Ann Martin (born Martha Marmont) is a former journalist and a news anchor for the CBS owned-and-operated KCBS-TV and KCAL-TV television stations in Los Angeles, California.

Martin was born in Portland, Oregon and raised in Everett, Washington, where her father, Paul Marmont, worked at the former Everett Western Gear facility. She attended the nearby University of Washington, where she majored in communications and earned a Bachelor of Arts in 1972.

Shortly after graduation, Martin began her broadcasting career at KIRO-TV as a weather-caster for the station's morning newscasts. She became the first woman in the Seattle market to solo anchor a newscast when she was promoted to weekend co-anchor.

After reporting and anchoring for KIRO for several years, Martin moved to Los Angeles in April 1976 to work for KABC-TV as a reporter. She began co-anchoring the Saturday editions of Eyewitness News. In the fall of 1980, KABC expanded its news to three hours on weeknights, and Martin began co-anchoring the 5 p.m. hour with Paul Moyer; the on-air partnership would last for almost 12 years until Moyer's return to rival KNBC-TV in 1992, in which Harold Greene replaced Moyer.

During her years at KABC, Martin also had brief hosting stints on several of the station's local programs, including A.M. Los Angeles, L.A. Today (alongside Chuck Henry) and 3-3-0. She also was a substitute host on ABC's Good Morning America.

In the spring of 1994, Martin moved to KCBS-TV initially to co-anchor the 5 and 11 p.m. editions of what was then-called Channel 2 Action News alongside longtime San Diego anchor Michael Tuck; the reported $1.7-million-a-year deal, like her former KABC colleague Moyer's deal with KNBC two years earlier, was highly publicized by the local press. In later years, Martin would be reunited with her other former KABC co-workers: sports anchor Jim Hill was already at KCBS after his five-year stint at KABC; Dr. George Fischbeck joined in late 1994; Jerry Dunphy, who briefly returned to KCBS-TV in 1995; Harold Greene, who succeeded Moyer as Martin's co-anchor, would join in early 2001; Laura Diaz joined in 2002 and Johnny Mountain arrived in 2005. While at KCBS, Martin also co-hosted the CBS network special Beyond Belief - Amazing True Stories! with Pat O'Brien in 1995. From 1999 to 2001, Martin also co-anchored the female-oriented newscast Women 2 Women alongside Catherine Anaya, Pamela Wright and former KNBC newscaster Kelly Lange.

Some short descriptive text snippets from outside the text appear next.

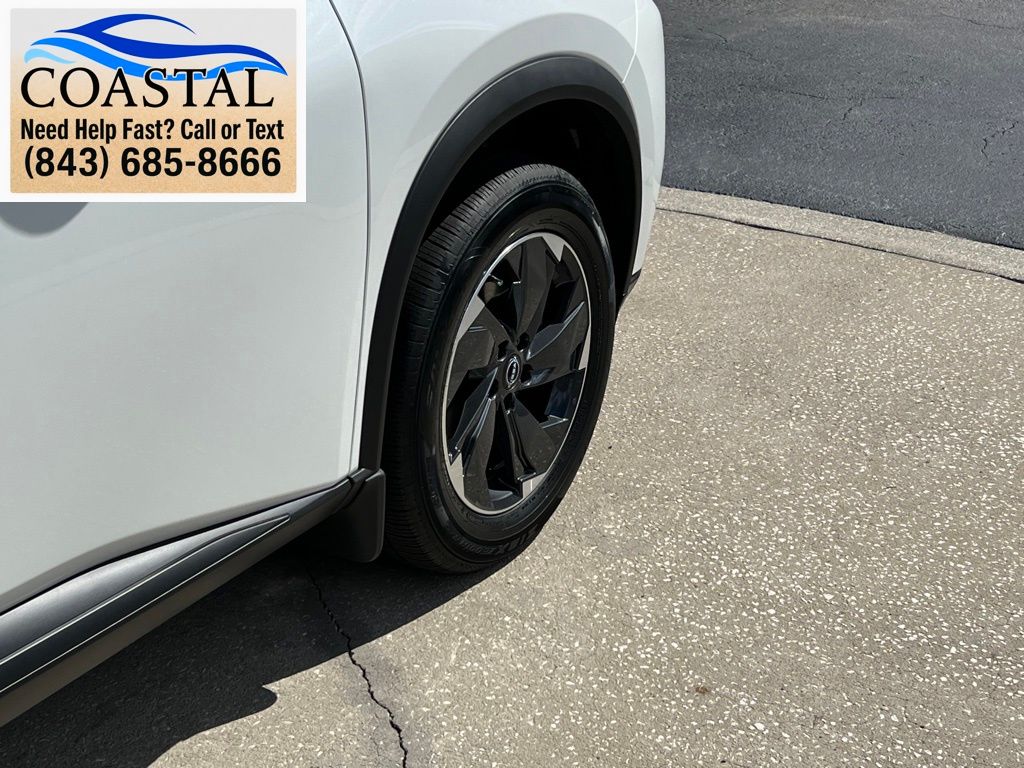 2026 Nissan Rogue SV White at Coastal Chevrolet Cadillac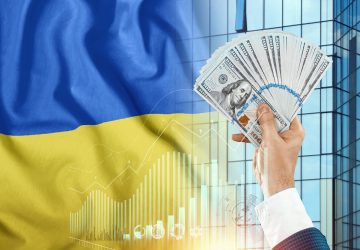 Dinheiro na mão de um homem no contexto da bandeira da ucrânia, simbolizando como o conflito e crise na Ucrânia e Rússia irá afetar a economia brasileira e mundial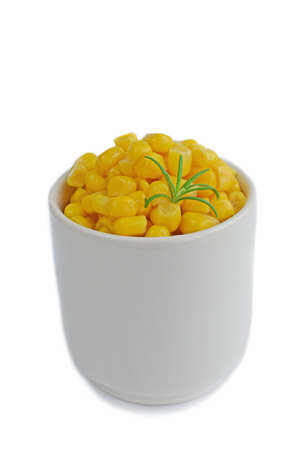 Canned corn in a white dish on a white background.の写真素材
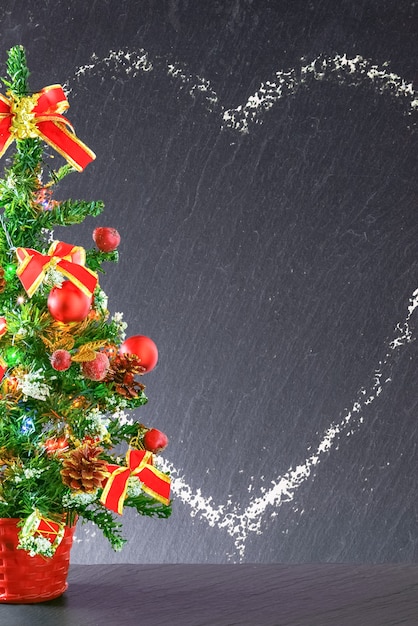 Foto pizarra negra decorativa de fondo de navidad o año nuevo enmarcada con adornos para árboles de navidad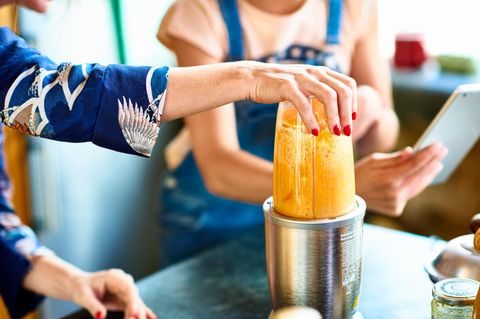 Frau benutzt einen Standmixer
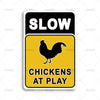 A black and yellow warning sign with the text SLOW CHICKENS AT PLAY.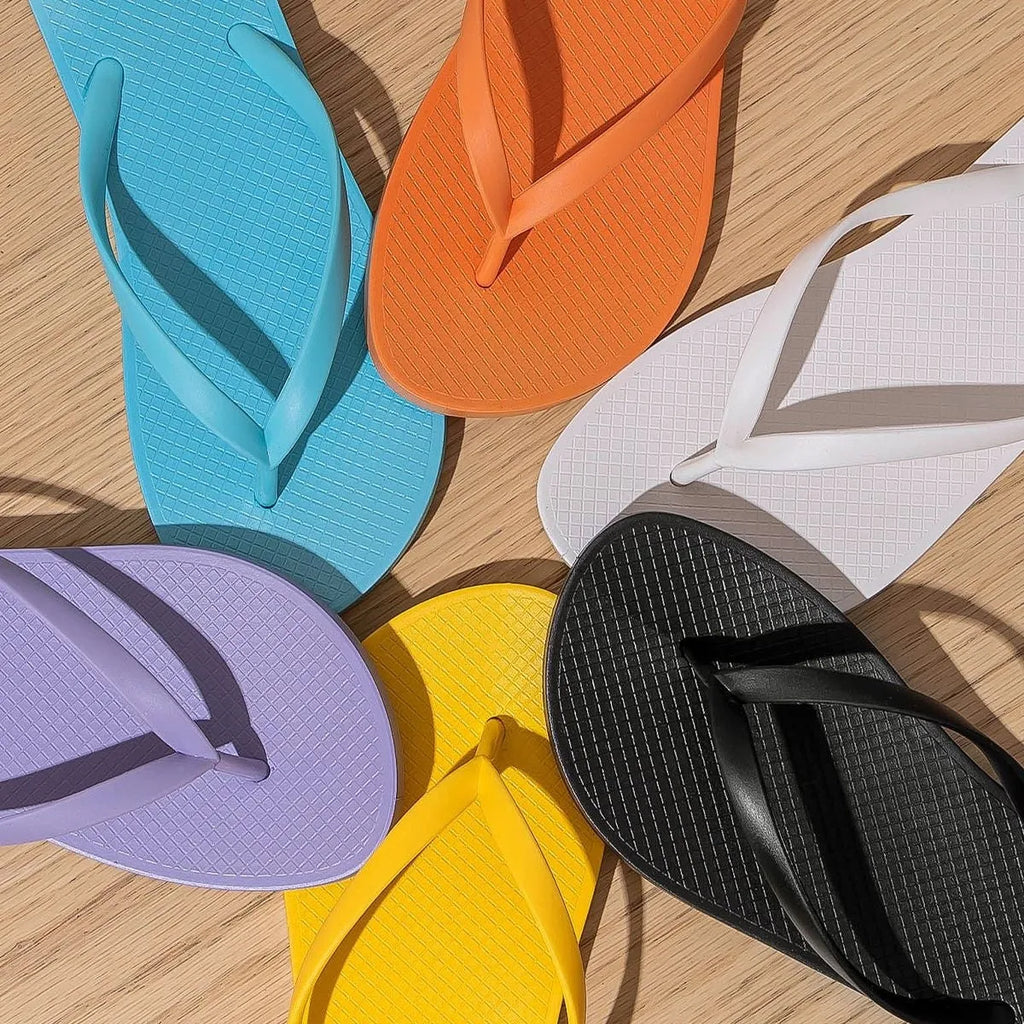 Orange foldable beach slipper with hollow out non-slip PVC sole, shown next to its folded size.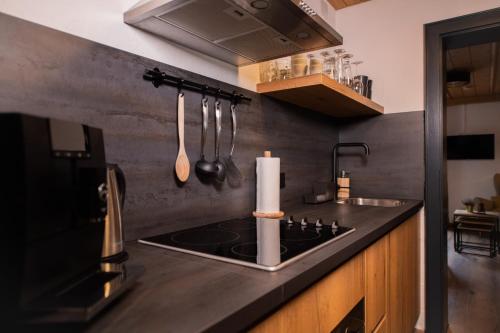 a kitchen with a stove and a sink with utensils at Mountainlodge Tirol Berwang in Berwang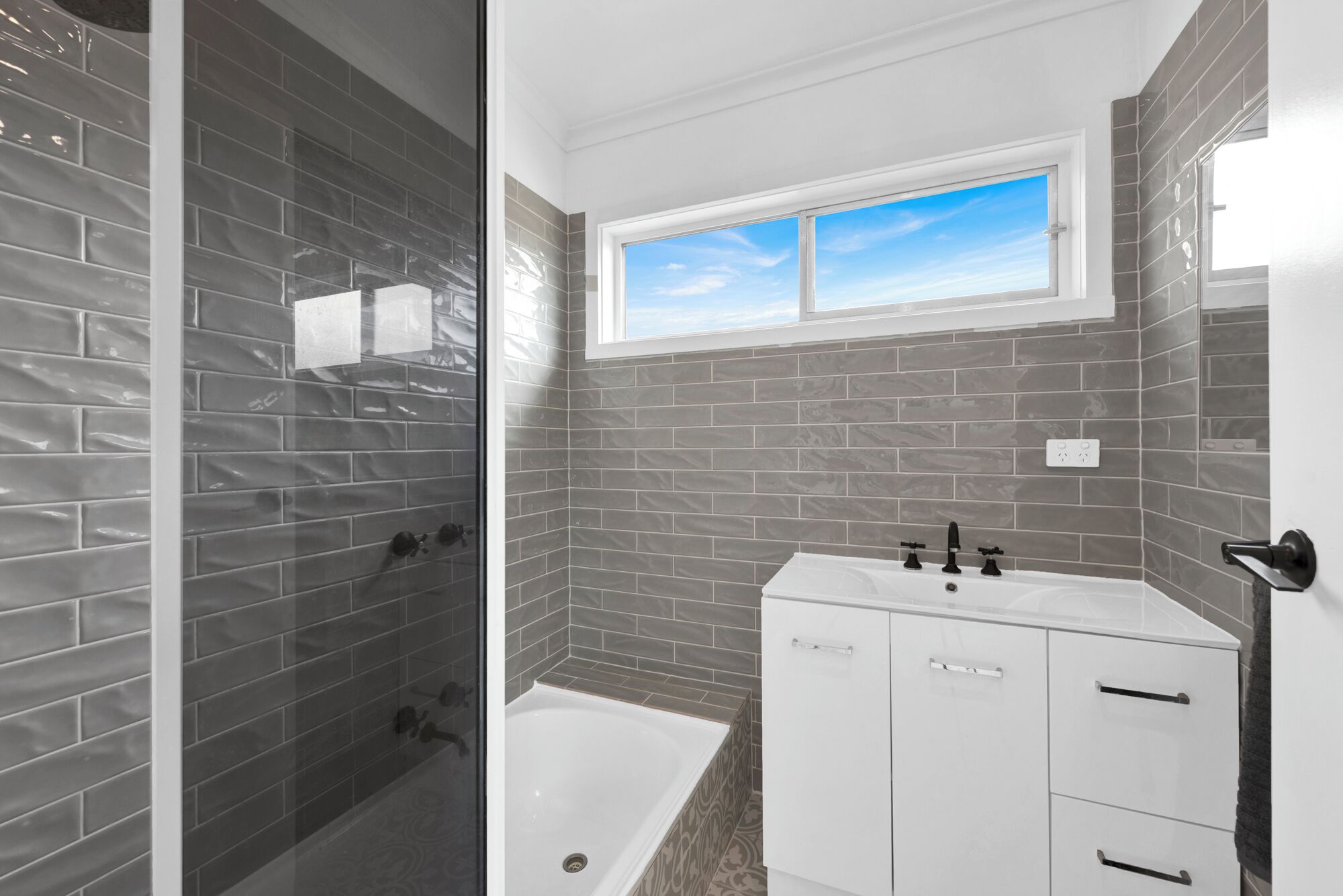 A bathroom with a bathtub, a shower, and a window.
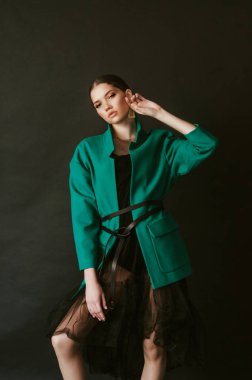 Stüdyoda siyah bir arka planda moda yeşil ceket ve mücevher koyu saçlı çekici genç kız modeli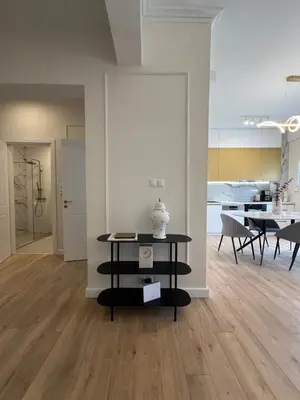 a living room with a table and a dining room at Harbour Getaway in Piraeus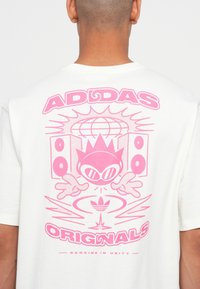 Dos d'une chemise blanche avec un graphique rose représentant un personnage de dessin animé, des haut-parleurs, un globe et le texte "ADIDAS ORIGINALS" et "DANCING IN UNITY."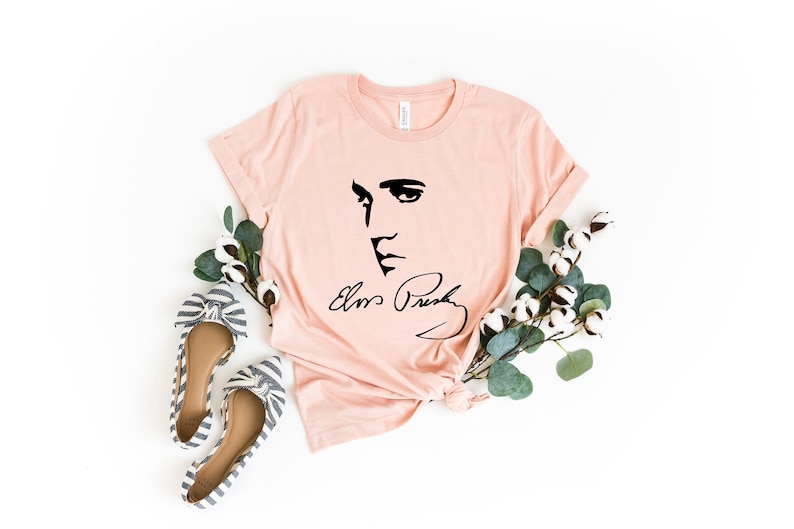 Pode incluir: Camiseta rosa claro com uma ilustra&ccedil;&atilde;o preta do rosto e assinatura de Elvis Presley. A imagem &eacute; estilizada com sapatilhas de la&ccedil;o listradas e galhos de algod&atilde;o e vegeta&ccedil;&atilde;o, criando uma est&eacute;tica casual e art&iacute;stica.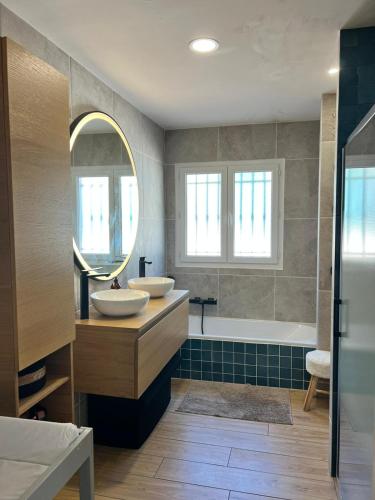 une salle de bain avec deux lavabos, un miroir et une baignoire dans l'établissement Villa avec piscine privée sur la french riviera, à Saint-Laurent-du-Var
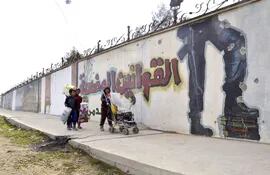 tres-ninos-caminan-junto-a-un-muro-con-esloganes-del-grupo-yihadista-estado-islamico-ei-en-mosul-irak-efe-02136000000-1550945.jpg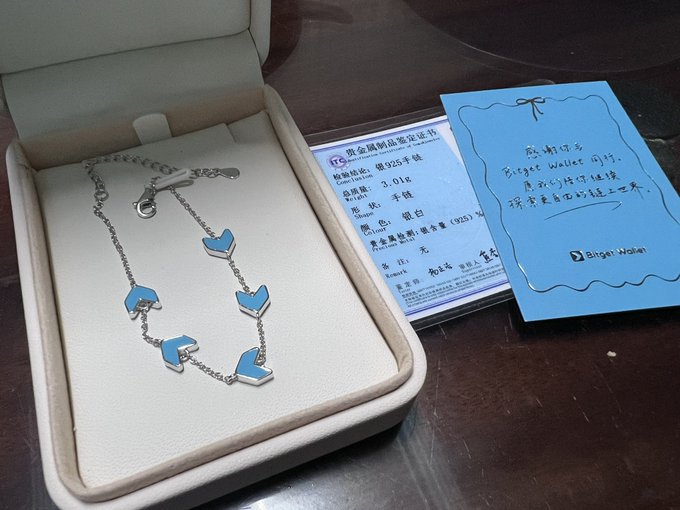 The image features a silver bracelet with blue accents placed inside a white jewelry box. The bracelet is positioned next to an envelope or card that has Chinese characters written on it, suggesting that this could be a gift from China. The bracelet appears to be new and unused, as indicated by its pristine condition.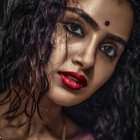 Woman Wearing Gold Jewelry and Bold Makeup on Dark Background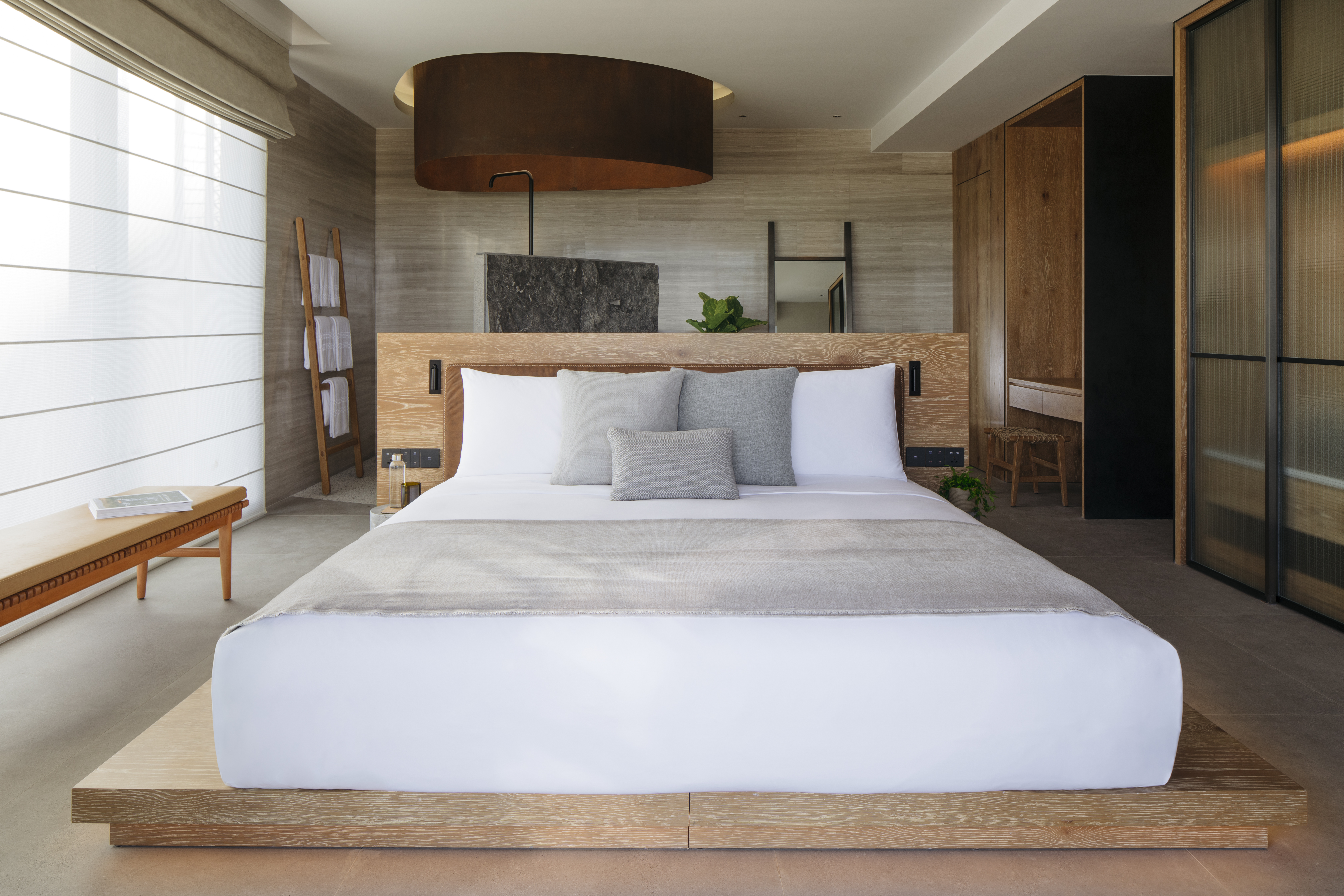 Made bed on a raised wooden frame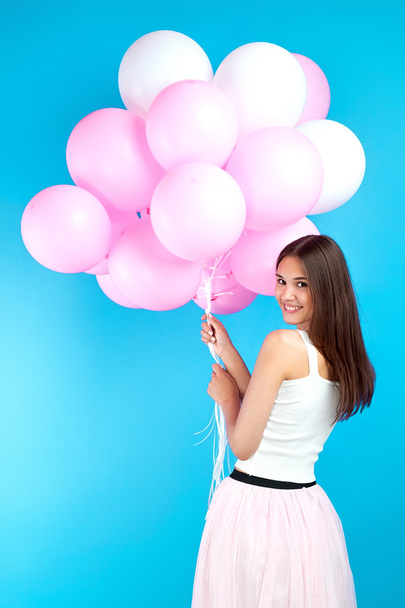 Rear view of beautiful brunette girl with many balloons smiling back at camera.Isolate - Foto, Bild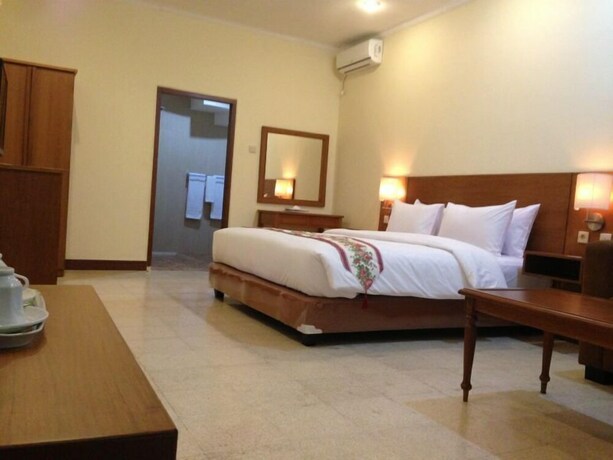 Imagen de la habitación del Hotel The Garden Family Guest House. Foto 14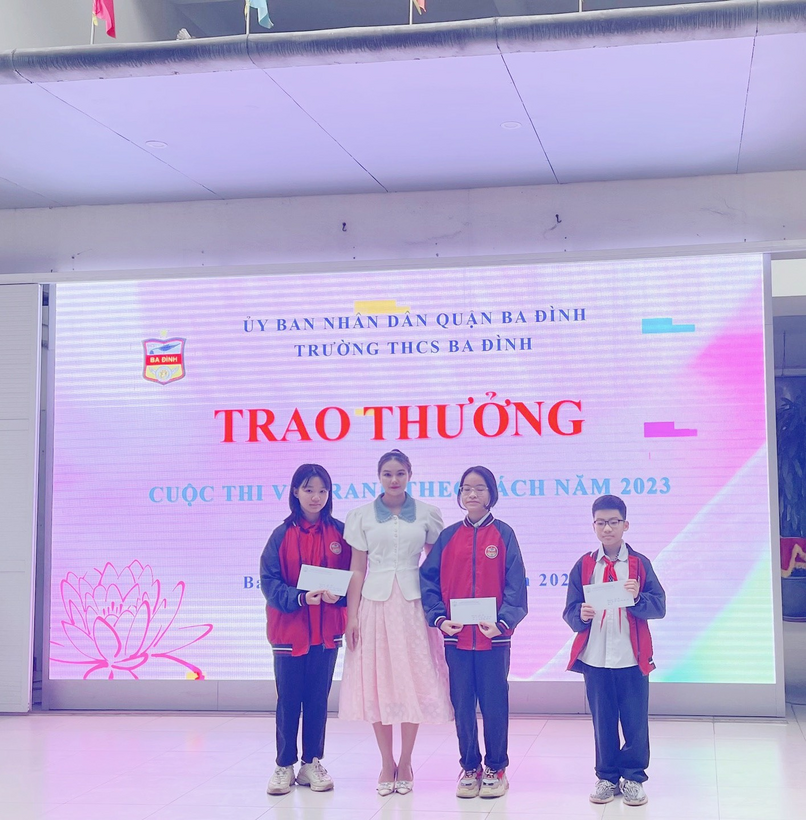 A group of people posing for a photo in front of a signDescription automatically generated with medium confidence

On April 1, 2008, she was informed that her contract would not be renewed. Media reports speculated that her contract expired on June 1, 2008. By this time, Martin and Greene were anchoring the 4 p.m. news on KCAL and the 6 p.m. news on KCBS. CBS, through a press spokesperson, stated that both had chosen to retire, but neither Martin, nor Greene made any official comment.

Martin has earned three local Emmy Awards and two Golden Mike awards for her reporting throughout her career.